4. Estimate the standard deviation of the primary test metric using historical data from the chosen reference period.
If the data exhibits significantly varying levels of variance over the year, seasonality adjustments may need to be performed just like for the primary test metric. Note that individual values of the metric for each user or session over the entire period need to be used. For example, it would be wrong to just get daily standard deviations and arrive at an estimate by averaging those.
5. Choose the minimum effect of interest by answering the question, What is the minimum effect we'd be happy to detect as statistically significant?

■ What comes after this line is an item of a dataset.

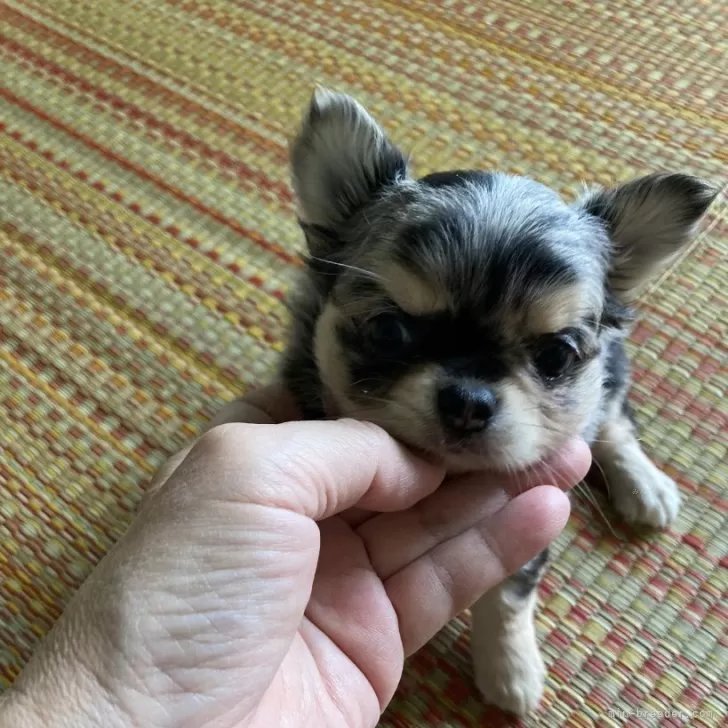 ID:2508-03978の子犬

The minimum effect of interest would be the difference you would not like to miss, if it truly existed. It is related to the false negative rate of the testing procedure and only plays into post-test analysis if the test ended up statistically insignificant. It helps to think in terms of risk and reward trade-off due to the feedback loops involving fixed and variable risks, and rewards associated with running the test and making a decision within a given time frame. The minimum effect of interest has to be within what can realistically be expected, use your expertise and experience to judge that. Such as, a small change is unlikely to have a large impact and so setting the minimum effect of interest unrealistically high might in fact doom the experiment to being a false negative if there is some true effect which is, however, much lower than the minimum effect of interest. The minimum effect of interest may need to be reconsidered a few times if the test duration based on the first one or two numbers turns out to be prohibitive due to the time it would take to run the test. For example, a 0.5% effect might sound exciting for a given test, but if it takes a year to run the test with that parameter a compromise might need to be achieved by selecting a minimum effect of 2% in order to run the test in 3-4 months instead.
6. Use a sample size calculator like the GIGA Calculator Power & Sample Size Calculator or the Analytics Toolkit Sample Size Calculator based on your statistical model, to compute the required sample size, and from that the estimated duration using your preferred tool.
Things to be look out for in a sample size calculator: Proper support for more than one variant versus control. Whether it computes sample size for relative difference or just absolute difference* The computation should be for a one-sided (one-tailed) p-value, unless the particular test actually calls for a two-sided alternative. You can then estimate the expected test duration based on the sample size calculated. For example, if the part of the website the test would affect sees 20,000 users per week, a sample size requirement of 120,000 users would mean the test should last six weeks. Always round up the number of weeks or days to allow for overestimation of the expected number of users per week. * The latter could still be used by adding a conservative upward adjustment of 5% to the estimated sample size.